» AVAILABLE DATA
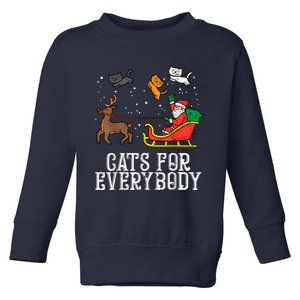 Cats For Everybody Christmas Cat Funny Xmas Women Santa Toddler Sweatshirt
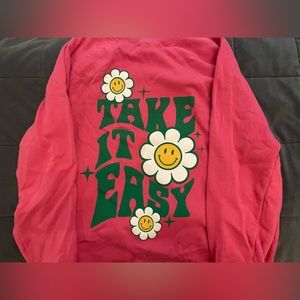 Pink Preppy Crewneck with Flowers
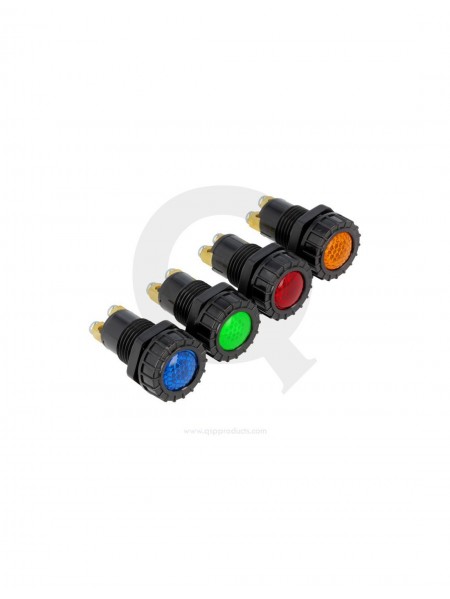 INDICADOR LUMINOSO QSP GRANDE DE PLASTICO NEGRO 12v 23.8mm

* * *

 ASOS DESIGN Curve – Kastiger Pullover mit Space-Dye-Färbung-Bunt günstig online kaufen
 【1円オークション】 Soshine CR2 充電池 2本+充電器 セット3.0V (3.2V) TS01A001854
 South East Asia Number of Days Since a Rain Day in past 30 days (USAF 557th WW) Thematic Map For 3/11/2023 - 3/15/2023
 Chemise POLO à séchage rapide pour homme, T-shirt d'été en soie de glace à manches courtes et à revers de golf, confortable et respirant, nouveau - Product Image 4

...

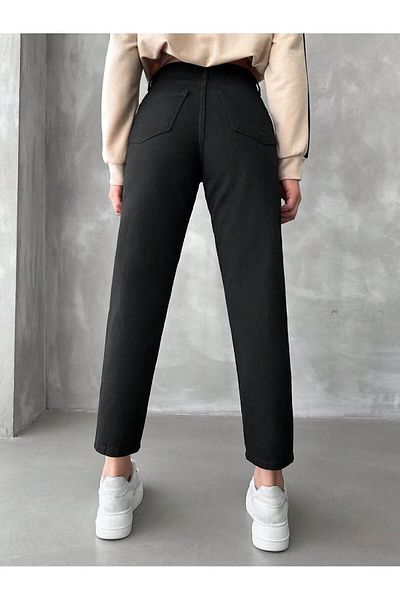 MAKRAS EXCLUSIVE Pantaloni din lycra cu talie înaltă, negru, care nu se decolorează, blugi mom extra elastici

» PROBLEM REQUIREMENTS
Beginning at the line above that contains "セット3.0V (3.2V) TS01A001854", return each line exactly through the line that contains "Chemise POLO à", and no others.

» OUTPUT BELOW
 【1円オークション】 Soshine CR2 充電池 2本+充電器 セット3.0V (3.2V) TS01A001854
 South East Asia Number of Days Since a Rain Day in past 30 days (USAF 557th WW) Thematic Map For 3/11/2023 - 3/15/2023
 Chemise POLO à séchage rapide pour homme, T-shirt d'été en soie de glace à manches courtes et à revers de golf, confortable et respirant, nouveau - Product Image 4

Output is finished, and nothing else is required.